And I’m not talking about reporting here. Sure, it’s interesting to know what happened in the past, and those monthly 50-megabyte Excel files might even get read once in a while, but the organizations that are using their data to look toward and predict future outcomes are leaping ahead and uncovering enormous value.

Now, don’t stop reading just because you don’t have a team of ex-NASA Ph.D.s on staff. While there is indeed some very sophisticated work going on in the data sciences these days, predictive analytics is something that’s within reach for just about everyone.

Predictive analytics is nothing more than a way to help identify the likelihood of future outcomes based upon historical data. It can be used to optimize just about anything you can measure or define, increasing your most important measures of success.

Predictive models are quite different from descriptive ones, which can tell you what happened in the past, or diagnostic models that help explain why something has happened.

If you’re a marketer, then you know the power of data. Never before have we had more access to more data than we do right now; and for many organizations, the struggle to collect it, integrate it and store it is challenge enough. But for those who can shift their focus to using that data to enable better decisions, it is an incredible competitive advantage.

Predictive analytics is very often used in better allocating marketing budgets. The latest tools and techniques, coupled with the swath of data being generated on every impression and click, provide a tremendous opportunity to get the most out of every marketing dollar you’re spending.

So, what are some of the applications of predictive analytics that you might be able to use right now? Well, here are five that can get you started in thinking about how you can use your data to boost performance across the different initiatives in your organization.
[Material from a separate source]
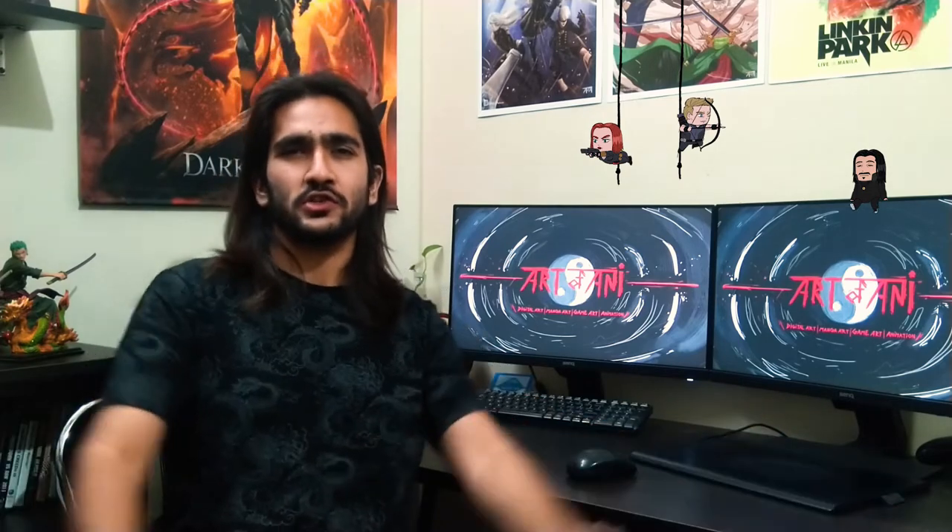Hi guys, welcome to Art of Ani. I'm Anirut and here we are still going on with our Marvel artworks. Today we are going to paint Black Widow and Hawkeye. They are great fighters, super spies and most importantly they are part of the six OG Avengers. So without wasting any time let's put up our stealth spy suits and sneak right into it.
Audience Targeting. The “spray and pray” targeting tactic is becoming less and less useful as we gain more and more data about who is likely to become a customer and where we can find them.

Predicting the probability of an audience to become a customer — and the value he or she may provide over a lifetime — can identify the marketing dollars that are being wasted and focus on high value prospects.

Of course, if you’re investing in digital assets like websites and mobile apps, you’ll want to make sure you’re getting the most from them. Understanding what factors are likely to result in the best content, what areas can be customized to particular users and which areas of a digital experience are ripe for optimization can all be addressed through predictive analytics.

Content optimization. You’re spending time and resources to create, maintain and develop content, and you’ve likely got a lot of data around how it’s been performing.

Using that data to pull out the factors that are likely to result in success can help guide your content strategy so that you’re producing pages and experiences with a high likelihood of achieving your goals.

Personalization. When you combine digital experiences with customer data, you can start to segment and predict what groups of users are more or less likely to respond to different messages, offers, imagery and more.

Testing Strategy. While A/B and multivariate testing is certainly not a new phenomenon, the most difficult part of testing is figuring out what to test. Predictive analytics can help you understand what areas or processes of an experience are most likely to offer room for improvement, as well as help to define hypotheses.

Collection & Recovery. Making sure you’ve got a handle on accounts receivable has a direct impact on cash flows and an organization’s ability to operate.

Pricing. Putting a product out to market and maximizing value can be enormously influenced by price. Too high, and you risk acceptance and volumes; too low, and you sacrifice profitability.

Forecasting. Whether planning production runs, predicting demand for new products and services, estimating financial performance or anticipating hiring needs, historical data can be used to model probable scenarios and outcomes.

Network Optimization. Networks can mean a lot of things, including supply chains, fulfillment processes and just about anything else that has inputs, outputs and dependencies.